Nurhuda menyebut, sangat prihatin atas berbagai kasus kekerasan seksual yang
terjadi di lingkungan pendidikan keagamaan
dan dengan dikeluarkannya PMA tersebut dapat menjadi acuan bagi para pemangku
kepentingan untuk mencegah tindak kekerasan seksual.
"Saya
menyambut baik terbitnya PMA tersebut karena maraknya kekerasan seksual di
bawah satuan pendidikan keagamaan memang harus direspon cepat dengan
regulasi," kata Nurhuda di Jakarta, Rabu (19/10).
Menurut Nurhuda, hal itu karena turunan dari Undang-Undang Nomor 12 Tahun 2022
tentang Tindak Pidana Kekerasan Seksual (TPKS) yang sudah lama ditunggu
masyarakat. Dia menegaskan, pendidikan keagamaan seharusnya dapat memberikan
contoh yang baik kepada masyarakat.
"Bagaimana bisa menjadi panutan jika Pendidikan keagamaan yang mengajarkan
akhlak, dalam beberapa kasus malah justru menjadi pelaku rusaknya akhlak. Ini jadinya tidak bisa dipegang antara
pernyataan saat mengajar dengan kelakuannya," ujarnya.

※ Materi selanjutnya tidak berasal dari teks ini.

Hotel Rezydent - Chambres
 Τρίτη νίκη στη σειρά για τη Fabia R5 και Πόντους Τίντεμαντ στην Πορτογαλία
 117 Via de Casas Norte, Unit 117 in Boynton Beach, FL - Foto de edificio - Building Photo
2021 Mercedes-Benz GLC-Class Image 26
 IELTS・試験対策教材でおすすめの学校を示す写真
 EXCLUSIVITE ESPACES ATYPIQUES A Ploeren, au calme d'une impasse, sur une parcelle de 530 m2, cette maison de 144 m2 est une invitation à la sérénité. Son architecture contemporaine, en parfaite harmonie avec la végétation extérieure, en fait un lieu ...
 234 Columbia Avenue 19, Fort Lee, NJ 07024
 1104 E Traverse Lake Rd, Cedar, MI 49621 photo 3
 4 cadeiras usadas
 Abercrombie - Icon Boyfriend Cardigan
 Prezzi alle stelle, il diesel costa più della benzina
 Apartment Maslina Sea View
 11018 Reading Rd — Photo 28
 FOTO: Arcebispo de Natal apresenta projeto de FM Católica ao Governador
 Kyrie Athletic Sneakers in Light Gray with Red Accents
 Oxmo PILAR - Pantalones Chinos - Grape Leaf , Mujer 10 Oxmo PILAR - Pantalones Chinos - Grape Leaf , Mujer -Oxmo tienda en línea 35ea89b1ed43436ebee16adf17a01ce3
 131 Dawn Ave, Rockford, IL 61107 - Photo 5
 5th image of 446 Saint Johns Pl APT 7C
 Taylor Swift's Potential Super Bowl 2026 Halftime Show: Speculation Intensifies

Sementara dari sisi substansi, Nurhuda menilai PMA tersebut sangat baik karena
memasukkan 16 kategori kekerasan seksual sehingga harus segera disosialisasikan
kepada masyararakat.
Menurut dia, tidak jarang regulasi dibuat namun tidak diketahui masyarakat.
Padahal, peran serta publik sangat diperlukan untuk mencegah terjadinya
kekerasan seksual.
"Kami berharap ke depan seluruh elemen pendidikan keagamaan mampu
meningkatkan kesadarannya agar lebih fokus pada kegiatan pendidikannya. Mereka
juga bisa saling mengingatkan terhadap gejala-gejala yang mengarah pada
kekerasan seksual. Dengan demikian bisa dicegah sejak dini sebelum
kejadian," katanya.
PMA tersebut dinilai sebagai upaya
pemerintah untuk merespons kekerasan seksual secara cepat di lembaga pendidikan
keagamaan. Nurhuda mengingatkan bahwa jika kebijakan itu tidak efektif, maka
harus dievaluasi untuk ditemukan titik lemahnya.